Photos to follow tomorrow - I have to go to work tonight 

P.S. - me sparkly trousers are now rather muddy, PMSL!!!!!


----------



## ridgeback05 (Aug 5, 2008)

Glad you had a good day...well done with the hitch pups also....and sorry your other two got spooked....hope I can do half as well tomorrow as you did today....again well done.


----------



## Blondie (Feb 27, 2011)

ridgeback05 said:


> Glad you had a good day...well done with the hitch pups also....and sorry your other two got spooked....hope I can do half as well tomorrow as you did today....again well done.


Good luck tomorrow!!!!

Handy tip - if it rains through the night, the ground will not have dried up so I would advise you to take ya wellies!! Twas rather muddy in parts yoday sp gawd help ya tomorrow if it rains again!


----------



## Blondie (Feb 27, 2011)

heres a couple of pics I got downloaded so far - the awesome Axel, 1st MPD!!

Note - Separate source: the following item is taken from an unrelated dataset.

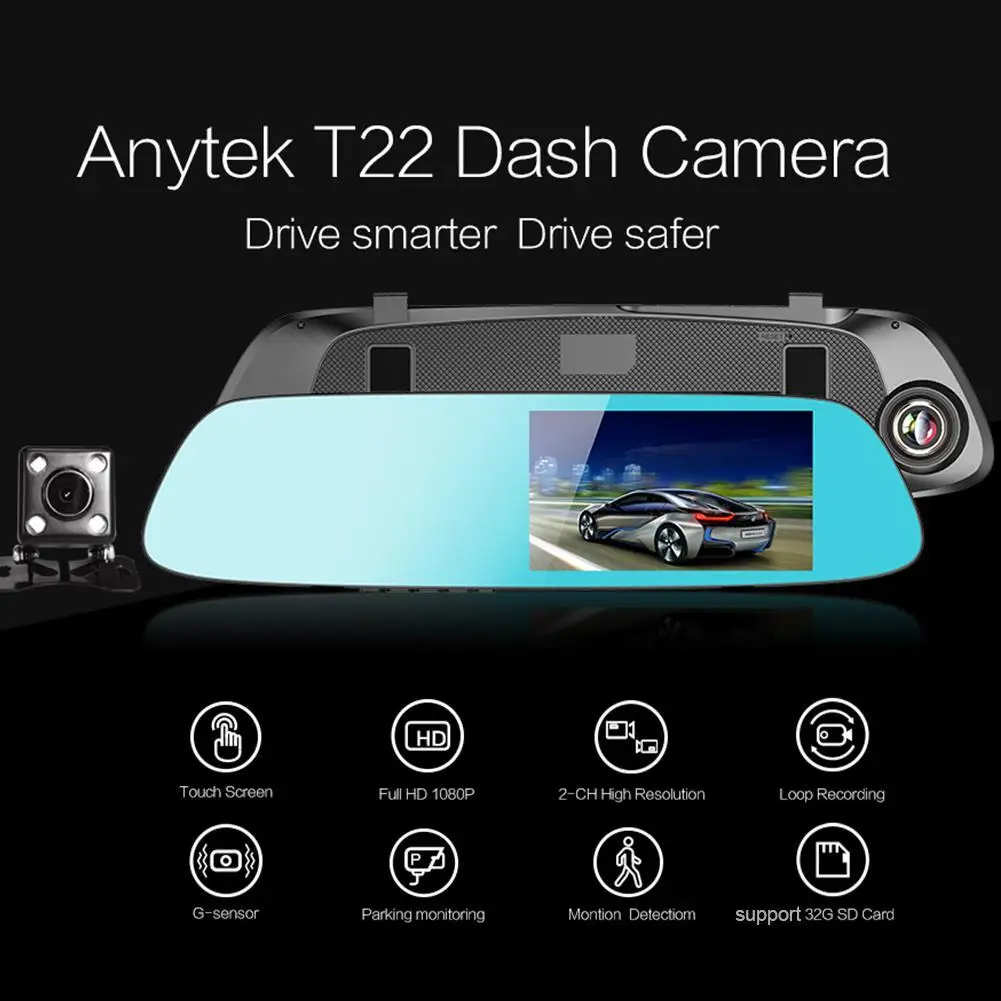 

T22 5'' Touch-Screen Car DVR Camera Full HD 1080P Dash Cam G-sensor Night Vision WDR Video Recorder with Rear View Camera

The excitable JD - 3rd MPD


----------



## ridgeback05 (Aug 5, 2008)

Very nice pups.


----------



## Blondie (Feb 27, 2011)

Having problems wiv me camera n the downloading bit  not happy coz I got some pics I havent even see yet 

Anyways, heres the Booty Buffy, 3rd MPB










And the gorgeous Nala 2nd MPB


----------



## ridgeback05 (Aug 5, 2008)

today at skc We almost had as good a day as you...Inca 2nd in pb....Sifa 1st in pg....and loki 2nd in limit dog...


----------



## Blondie (Feb 27, 2011)

ridgeback05 said:


> today at skc We almost had as good a day as you...Inca 2nd in pb....Sifa 1st in pg....and loki 2nd in limit dog...


Awesome stuff!!!!! Well done to all concerned!! Looks like SKC was a hugh success for members, lol!!

How was the weather??


----------



## Devil-Dogz (Oct 4, 2009)

I still want Nala please, thank you kindly


----------



## ridgeback05 (Aug 5, 2008)

Ceearott said:


> Awesome stuff!!!!! Well done to all concerned!! Looks like SKC was a hugh success for members, lol!!
> 
> How was the weather??


Was very cold tho dry...but up to our ankles in mud...lol


----------



## Blondie (Feb 27, 2011)

ridgeback05 said:


> Was very cold tho dry...but up to our ankles in mud...lol


Yes, I had visions of it being a wellie day even more than yesterday, PMSL!! At least it stayed dry for ya!


----------



## Blondie (Feb 27, 2011)

Devil-Dogz said:


> I still want Nala please, thank you kindly


I think you would have fight off not just her owner, but her two sons aswell, PMSL!!!!!


----------